**Requirement:** Every line of the material below needs to be written out exactly, please.

Entries shown section start

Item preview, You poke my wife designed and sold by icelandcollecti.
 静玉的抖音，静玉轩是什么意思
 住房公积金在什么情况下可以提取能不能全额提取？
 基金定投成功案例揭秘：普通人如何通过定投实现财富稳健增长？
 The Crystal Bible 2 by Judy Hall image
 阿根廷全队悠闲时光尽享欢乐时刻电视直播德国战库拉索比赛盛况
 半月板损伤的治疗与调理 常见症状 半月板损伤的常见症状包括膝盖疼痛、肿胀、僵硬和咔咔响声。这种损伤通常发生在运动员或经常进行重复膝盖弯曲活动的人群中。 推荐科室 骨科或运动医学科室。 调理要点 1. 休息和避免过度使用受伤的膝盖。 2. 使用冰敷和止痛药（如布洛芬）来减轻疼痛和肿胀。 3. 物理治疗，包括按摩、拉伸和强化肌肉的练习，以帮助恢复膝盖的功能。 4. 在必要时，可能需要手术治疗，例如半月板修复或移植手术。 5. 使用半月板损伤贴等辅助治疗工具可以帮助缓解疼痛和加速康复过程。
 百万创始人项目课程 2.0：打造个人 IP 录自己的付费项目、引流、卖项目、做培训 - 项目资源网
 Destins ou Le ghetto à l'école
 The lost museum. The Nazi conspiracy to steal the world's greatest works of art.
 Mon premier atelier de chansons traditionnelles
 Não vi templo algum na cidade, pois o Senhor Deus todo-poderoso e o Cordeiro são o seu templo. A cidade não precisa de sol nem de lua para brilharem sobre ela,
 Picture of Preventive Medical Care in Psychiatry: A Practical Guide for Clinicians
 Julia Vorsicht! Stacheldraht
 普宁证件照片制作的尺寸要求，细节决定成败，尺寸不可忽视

Entries shown section end

**Response area:**
Item preview, You poke my wife designed and sold by icelandcollecti.
 静玉的抖音，静玉轩是什么意思
 住房公积金在什么情况下可以提取能不能全额提取？
 基金定投成功案例揭秘：普通人如何通过定投实现财富稳健增长？
 The Crystal Bible 2 by Judy Hall image
 阿根廷全队悠闲时光尽享欢乐时刻电视直播德国战库拉索比赛盛况
 半月板损伤的治疗与调理 常见症状 半月板损伤的常见症状包括膝盖疼痛、肿胀、僵硬和咔咔响声。这种损伤通常发生在运动员或经常进行重复膝盖弯曲活动的人群中。 推荐科室 骨科或运动医学科室。 调理要点 1. 休息和避免过度使用受伤的膝盖。 2. 使用冰敷和止痛药（如布洛芬）来减轻疼痛和肿胀。 3. 物理治疗，包括按摩、拉伸和强化肌肉的练习，以帮助恢复膝盖的功能。 4. 在必要时，可能需要手术治疗，例如半月板修复或移植手术。 5. 使用半月板损伤贴等辅助治疗工具可以帮助缓解疼痛和加速康复过程。
 百万创始人项目课程 2.0：打造个人 IP 录自己的付费项目、引流、卖项目、做培训 - 项目资源网
 Destins ou Le ghetto à l'école
 The lost museum. The Nazi conspiracy to steal the world's greatest works of art.
 Mon premier atelier de chansons traditionnelles
 Não vi templo algum na cidade, pois o Senhor Deus todo-poderoso e o Cordeiro são o seu templo. A cidade não precisa de sol nem de lua para brilharem sobre ela,
 Picture of Preventive Medical Care in Psychiatry: A Practical Guide for Clinicians
 Julia Vorsicht! Stacheldraht
 普宁证件照片制作的尺寸要求，细节决定成败，尺寸不可忽视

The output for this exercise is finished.